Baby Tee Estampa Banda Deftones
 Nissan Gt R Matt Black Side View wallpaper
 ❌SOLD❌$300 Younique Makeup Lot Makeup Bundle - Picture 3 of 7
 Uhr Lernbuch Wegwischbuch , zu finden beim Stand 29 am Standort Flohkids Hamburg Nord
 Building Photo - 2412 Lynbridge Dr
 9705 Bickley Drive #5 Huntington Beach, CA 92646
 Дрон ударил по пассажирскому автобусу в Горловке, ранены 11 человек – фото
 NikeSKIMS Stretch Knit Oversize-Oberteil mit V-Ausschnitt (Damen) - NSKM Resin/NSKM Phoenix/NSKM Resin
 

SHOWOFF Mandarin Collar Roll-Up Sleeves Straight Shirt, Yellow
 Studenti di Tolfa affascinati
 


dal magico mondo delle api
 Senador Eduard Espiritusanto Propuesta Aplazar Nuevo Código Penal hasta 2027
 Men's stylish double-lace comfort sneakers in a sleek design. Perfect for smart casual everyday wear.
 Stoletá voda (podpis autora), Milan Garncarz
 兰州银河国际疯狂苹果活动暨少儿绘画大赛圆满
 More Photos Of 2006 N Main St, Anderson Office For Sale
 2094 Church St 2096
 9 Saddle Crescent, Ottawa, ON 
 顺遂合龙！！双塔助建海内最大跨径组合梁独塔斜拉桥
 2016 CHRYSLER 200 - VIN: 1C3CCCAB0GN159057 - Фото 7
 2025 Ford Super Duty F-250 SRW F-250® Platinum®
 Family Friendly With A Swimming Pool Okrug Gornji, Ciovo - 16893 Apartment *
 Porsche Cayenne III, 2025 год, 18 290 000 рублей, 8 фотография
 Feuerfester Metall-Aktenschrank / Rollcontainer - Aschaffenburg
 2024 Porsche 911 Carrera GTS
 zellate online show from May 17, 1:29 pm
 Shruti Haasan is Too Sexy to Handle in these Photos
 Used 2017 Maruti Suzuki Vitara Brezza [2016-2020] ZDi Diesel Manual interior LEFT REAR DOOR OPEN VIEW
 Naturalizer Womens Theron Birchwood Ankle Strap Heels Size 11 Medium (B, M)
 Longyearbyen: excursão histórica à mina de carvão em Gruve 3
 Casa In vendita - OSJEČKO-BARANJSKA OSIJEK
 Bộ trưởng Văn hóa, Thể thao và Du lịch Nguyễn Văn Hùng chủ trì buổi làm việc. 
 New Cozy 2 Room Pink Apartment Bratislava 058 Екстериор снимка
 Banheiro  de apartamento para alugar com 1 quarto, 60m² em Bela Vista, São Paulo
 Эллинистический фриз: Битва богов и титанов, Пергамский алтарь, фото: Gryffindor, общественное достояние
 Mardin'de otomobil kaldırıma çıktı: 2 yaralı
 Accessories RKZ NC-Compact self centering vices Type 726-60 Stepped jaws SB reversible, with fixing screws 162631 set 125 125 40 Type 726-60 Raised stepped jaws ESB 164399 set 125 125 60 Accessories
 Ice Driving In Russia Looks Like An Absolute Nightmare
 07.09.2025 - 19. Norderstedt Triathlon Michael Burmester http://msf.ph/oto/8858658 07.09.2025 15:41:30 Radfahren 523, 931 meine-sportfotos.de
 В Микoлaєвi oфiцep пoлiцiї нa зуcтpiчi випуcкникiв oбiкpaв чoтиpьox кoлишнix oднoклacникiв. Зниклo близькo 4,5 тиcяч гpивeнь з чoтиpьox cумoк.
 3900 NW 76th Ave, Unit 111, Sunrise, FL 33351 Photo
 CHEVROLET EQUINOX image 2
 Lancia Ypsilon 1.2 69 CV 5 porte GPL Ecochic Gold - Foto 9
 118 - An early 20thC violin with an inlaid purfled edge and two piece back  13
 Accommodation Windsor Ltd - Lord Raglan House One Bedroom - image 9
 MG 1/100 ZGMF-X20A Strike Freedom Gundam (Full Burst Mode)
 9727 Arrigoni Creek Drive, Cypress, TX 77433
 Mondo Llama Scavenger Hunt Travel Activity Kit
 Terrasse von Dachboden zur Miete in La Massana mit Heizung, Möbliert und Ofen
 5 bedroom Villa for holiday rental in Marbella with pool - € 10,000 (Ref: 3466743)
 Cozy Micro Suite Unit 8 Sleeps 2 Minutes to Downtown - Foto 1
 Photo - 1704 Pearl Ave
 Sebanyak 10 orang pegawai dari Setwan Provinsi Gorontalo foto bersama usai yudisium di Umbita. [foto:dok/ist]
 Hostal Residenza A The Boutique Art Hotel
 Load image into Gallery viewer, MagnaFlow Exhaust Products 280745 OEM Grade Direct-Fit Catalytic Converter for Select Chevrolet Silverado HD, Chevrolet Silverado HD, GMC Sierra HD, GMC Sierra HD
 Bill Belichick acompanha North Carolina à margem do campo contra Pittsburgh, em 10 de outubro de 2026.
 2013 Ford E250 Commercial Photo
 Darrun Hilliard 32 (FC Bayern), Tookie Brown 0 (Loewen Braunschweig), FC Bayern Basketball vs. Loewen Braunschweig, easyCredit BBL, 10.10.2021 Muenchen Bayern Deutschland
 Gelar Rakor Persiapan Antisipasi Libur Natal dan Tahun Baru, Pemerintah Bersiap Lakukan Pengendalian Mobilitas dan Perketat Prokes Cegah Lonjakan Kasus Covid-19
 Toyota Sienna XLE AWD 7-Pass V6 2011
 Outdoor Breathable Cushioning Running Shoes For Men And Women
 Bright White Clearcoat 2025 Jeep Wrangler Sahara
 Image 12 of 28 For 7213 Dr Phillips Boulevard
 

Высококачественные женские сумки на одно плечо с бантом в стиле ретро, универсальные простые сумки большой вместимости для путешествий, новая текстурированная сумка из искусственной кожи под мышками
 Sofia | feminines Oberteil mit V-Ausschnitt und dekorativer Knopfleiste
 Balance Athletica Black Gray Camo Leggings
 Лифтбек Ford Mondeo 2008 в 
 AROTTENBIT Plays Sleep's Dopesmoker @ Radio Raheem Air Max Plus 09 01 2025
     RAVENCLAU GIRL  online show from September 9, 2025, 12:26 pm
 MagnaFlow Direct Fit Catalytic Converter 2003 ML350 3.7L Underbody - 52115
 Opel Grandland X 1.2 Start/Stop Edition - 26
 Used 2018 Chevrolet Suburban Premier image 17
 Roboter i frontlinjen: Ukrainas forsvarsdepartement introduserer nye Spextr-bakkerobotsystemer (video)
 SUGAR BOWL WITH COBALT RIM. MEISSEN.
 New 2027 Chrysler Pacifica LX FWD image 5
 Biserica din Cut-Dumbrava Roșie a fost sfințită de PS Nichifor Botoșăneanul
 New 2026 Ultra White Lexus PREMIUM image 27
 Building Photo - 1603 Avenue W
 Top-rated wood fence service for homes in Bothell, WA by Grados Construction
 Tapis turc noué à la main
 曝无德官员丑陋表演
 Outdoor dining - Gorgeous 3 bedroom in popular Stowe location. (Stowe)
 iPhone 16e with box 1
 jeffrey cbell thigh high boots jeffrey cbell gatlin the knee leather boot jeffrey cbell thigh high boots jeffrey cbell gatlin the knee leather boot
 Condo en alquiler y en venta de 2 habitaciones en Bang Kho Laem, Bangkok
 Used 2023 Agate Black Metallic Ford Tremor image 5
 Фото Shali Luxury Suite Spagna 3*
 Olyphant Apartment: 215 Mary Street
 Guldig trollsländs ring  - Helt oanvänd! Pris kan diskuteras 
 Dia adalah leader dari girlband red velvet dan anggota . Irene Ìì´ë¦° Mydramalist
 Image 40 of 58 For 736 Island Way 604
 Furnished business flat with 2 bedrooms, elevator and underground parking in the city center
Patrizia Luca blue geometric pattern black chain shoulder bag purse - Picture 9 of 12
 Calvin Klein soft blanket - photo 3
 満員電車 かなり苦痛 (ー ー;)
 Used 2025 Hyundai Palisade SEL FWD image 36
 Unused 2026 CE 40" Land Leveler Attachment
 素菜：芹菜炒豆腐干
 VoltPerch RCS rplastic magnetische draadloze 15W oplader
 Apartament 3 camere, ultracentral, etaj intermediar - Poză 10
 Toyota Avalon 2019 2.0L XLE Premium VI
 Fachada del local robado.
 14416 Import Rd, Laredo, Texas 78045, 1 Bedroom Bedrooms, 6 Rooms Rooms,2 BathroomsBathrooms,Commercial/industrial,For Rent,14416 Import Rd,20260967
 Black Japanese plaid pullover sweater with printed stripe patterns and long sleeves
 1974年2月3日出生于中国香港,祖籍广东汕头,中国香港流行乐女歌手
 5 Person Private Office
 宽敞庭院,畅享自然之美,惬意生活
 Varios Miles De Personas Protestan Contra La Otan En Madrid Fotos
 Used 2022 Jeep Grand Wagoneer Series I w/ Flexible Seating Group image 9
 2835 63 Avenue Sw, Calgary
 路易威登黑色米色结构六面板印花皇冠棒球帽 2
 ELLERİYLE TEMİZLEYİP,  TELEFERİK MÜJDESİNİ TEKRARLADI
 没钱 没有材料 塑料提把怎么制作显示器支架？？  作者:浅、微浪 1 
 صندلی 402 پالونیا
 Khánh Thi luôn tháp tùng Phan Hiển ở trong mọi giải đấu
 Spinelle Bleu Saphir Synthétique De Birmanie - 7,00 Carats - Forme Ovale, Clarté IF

=-=-=-=-=

■ **Problem to work on**:
Precisely the lines between those holding "118 - An early" and "Darrun Hilliard 32", inclusive, are to be reproduced from the listing above, with nothing added.

■ **Task output**:
 118 - An early 20thC violin with an inlaid purfled edge and two piece back  13
 Accommodation Windsor Ltd - Lord Raglan House One Bedroom - image 9
 MG 1/100 ZGMF-X20A Strike Freedom Gundam (Full Burst Mode)
 9727 Arrigoni Creek Drive, Cypress, TX 77433
 Mondo Llama Scavenger Hunt Travel Activity Kit
 Terrasse von Dachboden zur Miete in La Massana mit Heizung, Möbliert und Ofen
 5 bedroom Villa for holiday rental in Marbella with pool - € 10,000 (Ref: 3466743)
 Cozy Micro Suite Unit 8 Sleeps 2 Minutes to Downtown - Foto 1
 Photo - 1704 Pearl Ave
 Sebanyak 10 orang pegawai dari Setwan Provinsi Gorontalo foto bersama usai yudisium di Umbita. [foto:dok/ist]
 Hostal Residenza A The Boutique Art Hotel
 Load image into Gallery viewer, MagnaFlow Exhaust Products 280745 OEM Grade Direct-Fit Catalytic Converter for Select Chevrolet Silverado HD, Chevrolet Silverado HD, GMC Sierra HD, GMC Sierra HD
 Bill Belichick acompanha North Carolina à margem do campo contra Pittsburgh, em 10 de outubro de 2026.
 2013 Ford E250 Commercial Photo
 Darrun Hilliard 32 (FC Bayern), Tookie Brown 0 (Loewen Braunschweig), FC Bayern Basketball vs. Loewen Braunschweig, easyCredit BBL, 10.10.2021 Muenchen Bayern Deutschland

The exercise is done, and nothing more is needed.